今までのあらすじ
コオはついにケースワーカー立ち合いの元、妹・莉子と、北寿老健で会うことになった。
莉子が来る少し前にボイスレコーダーの録音スイッチを入れた。
コオは父の身分証が必要なわけをわずか3分ほどで話し終わったが
莉子の、意味不明の話の展開に、コオは平衡感覚を失う。

 
 コオはいらいらとボールペンをノックしながら、
 何故、ケースワーカーの浅見は、おかしいことをおかしいと言わないのだろう、と思っていた。

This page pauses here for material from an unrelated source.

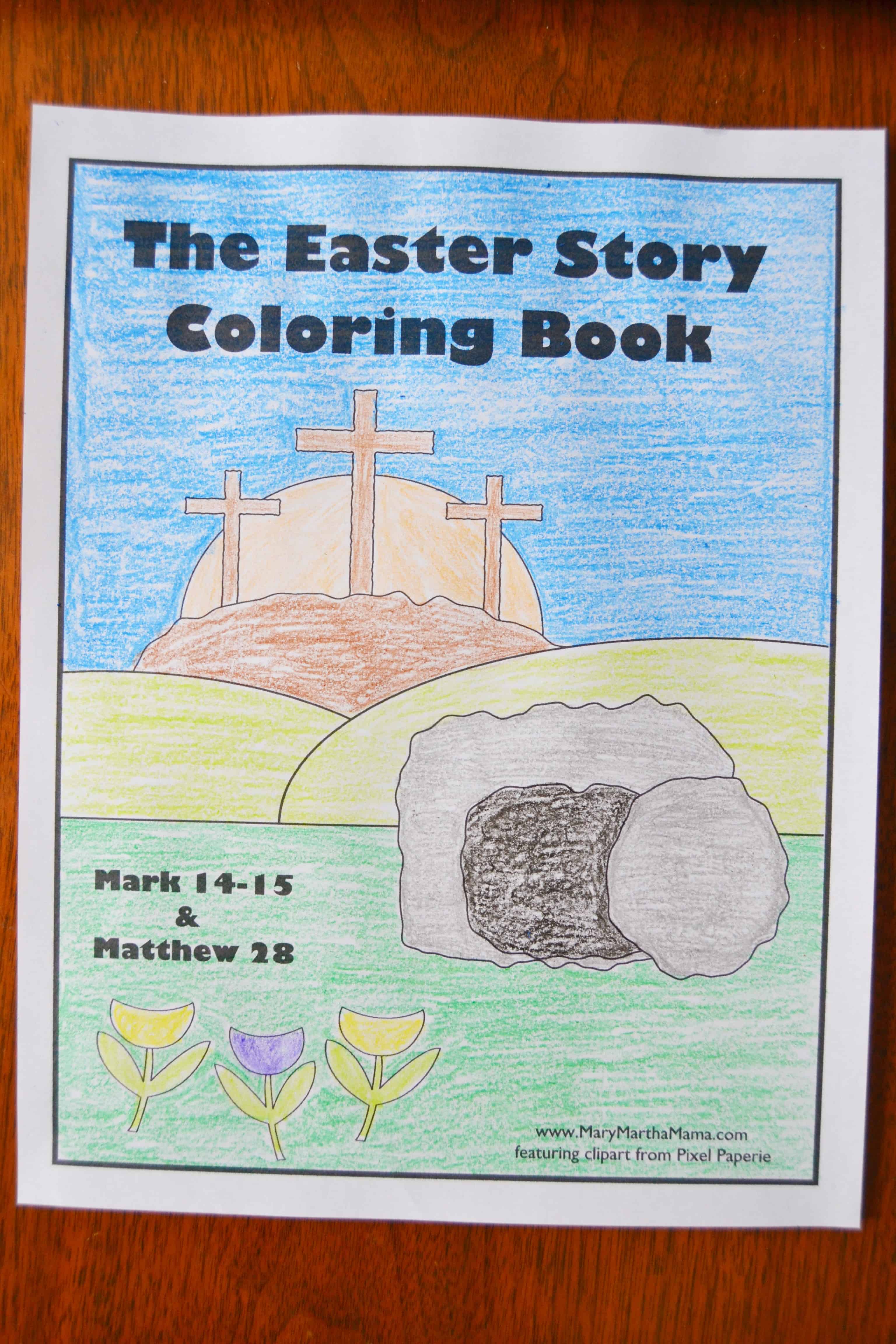 Religious Easter Coloring Pages – Mary Martha Mama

 立場としてどちらの味方もできないだろうが、明らかに変なことはその場で第3者として訂正してくれなければ、
 オブザーバーとしての意味もない。
 
 正直、この浅見というケースワーカーは使えない。
 
 コオは思った。
 莉子とこうして話すのが嫌でたまらなかった。
 5分で終わるような話を何故こんなに長く、しかも理不尽に責め立てられながらしなければいけないのか。
 
 (イカレてる)
 
 もう何度目か、コオは席を立ってこの場を離れたい、と思った。
こんなイカれた女相手にしたくない。
 
 莉子:「パパがなんで親せきにお金返してもらうが必要かって、お姉ちゃんその辺知らないでしょ!?お姉ちゃん言ってること分かる!?わかんないでしょ!」
 コオ:「全くわからないね(莉子に言ってることが)、じゃ、教えてよ。」
 莉子:「当り前じゃない!なんでわかんないの!?普通はわかるよね?!」
 コオ:「お姉ちゃんはわかってない、っていうから聞いてるの。なんで?」
 莉子:「あーもう!!浅見さん、普通はわかりますよね?」
 まただ。わかってない、と言った次の瞬間に、では教えてというと、普通はわかる、という。
 
 (イカレてる) 
 
 いったいいつまでこの不毛なやり取りを続けなければいけないのだろう。
 浅見が一言、
 【お姉さんが手続きしてくださるってことですから、お渡ししてもいいと思いますけど。】
 とかなんとか、いってくれればいいのに、。
 
 莉子のゆがんだ世界が、ブラックホールのように無限にコオのエネルギーを吸い上げていく。
 
 コオはそんな情景を頭の中で思い描いていた。